Start of PROVIDED INFORMATION

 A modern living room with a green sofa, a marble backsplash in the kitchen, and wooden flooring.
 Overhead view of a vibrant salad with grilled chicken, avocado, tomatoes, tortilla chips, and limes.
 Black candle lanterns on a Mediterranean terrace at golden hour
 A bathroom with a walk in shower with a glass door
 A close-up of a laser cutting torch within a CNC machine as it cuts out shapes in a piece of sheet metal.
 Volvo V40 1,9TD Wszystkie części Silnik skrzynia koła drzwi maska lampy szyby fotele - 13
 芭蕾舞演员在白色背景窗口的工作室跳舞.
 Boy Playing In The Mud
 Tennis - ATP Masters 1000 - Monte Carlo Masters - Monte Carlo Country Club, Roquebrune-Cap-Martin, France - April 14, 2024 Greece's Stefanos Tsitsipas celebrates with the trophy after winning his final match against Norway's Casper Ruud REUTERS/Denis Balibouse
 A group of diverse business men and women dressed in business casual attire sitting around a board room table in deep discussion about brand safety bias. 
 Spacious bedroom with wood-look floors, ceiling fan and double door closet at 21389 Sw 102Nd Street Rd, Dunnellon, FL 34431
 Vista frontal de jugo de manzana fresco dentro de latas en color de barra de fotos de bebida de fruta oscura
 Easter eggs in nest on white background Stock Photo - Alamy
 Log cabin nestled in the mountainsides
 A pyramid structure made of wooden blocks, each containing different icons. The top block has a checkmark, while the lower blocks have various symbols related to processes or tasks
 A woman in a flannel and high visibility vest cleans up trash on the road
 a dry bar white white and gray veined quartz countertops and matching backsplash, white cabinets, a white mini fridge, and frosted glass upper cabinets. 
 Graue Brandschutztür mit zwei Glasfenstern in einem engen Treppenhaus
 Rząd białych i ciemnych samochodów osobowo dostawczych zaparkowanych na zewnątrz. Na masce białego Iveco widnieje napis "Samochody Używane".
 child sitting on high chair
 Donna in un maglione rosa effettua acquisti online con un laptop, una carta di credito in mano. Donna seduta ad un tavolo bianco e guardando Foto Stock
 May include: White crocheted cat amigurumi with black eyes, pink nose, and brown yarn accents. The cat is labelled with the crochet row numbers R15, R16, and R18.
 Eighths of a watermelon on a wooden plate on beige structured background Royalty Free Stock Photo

End of PROVIDED INFORMATION

YOUR OBJECTIVE ->
Up to and including the line that contains "Boy Playing In The Mud", restate word for word every line of the entries, starting from the first.

RESPONSE ->
 A modern living room with a green sofa, a marble backsplash in the kitchen, and wooden flooring.
 Overhead view of a vibrant salad with grilled chicken, avocado, tomatoes, tortilla chips, and limes.
 Black candle lanterns on a Mediterranean terrace at golden hour
 A bathroom with a walk in shower with a glass door
 A close-up of a laser cutting torch within a CNC machine as it cuts out shapes in a piece of sheet metal.
 Volvo V40 1,9TD Wszystkie części Silnik skrzynia koła drzwi maska lampy szyby fotele - 13
 芭蕾舞演员在白色背景窗口的工作室跳舞.
 Boy Playing In The Mud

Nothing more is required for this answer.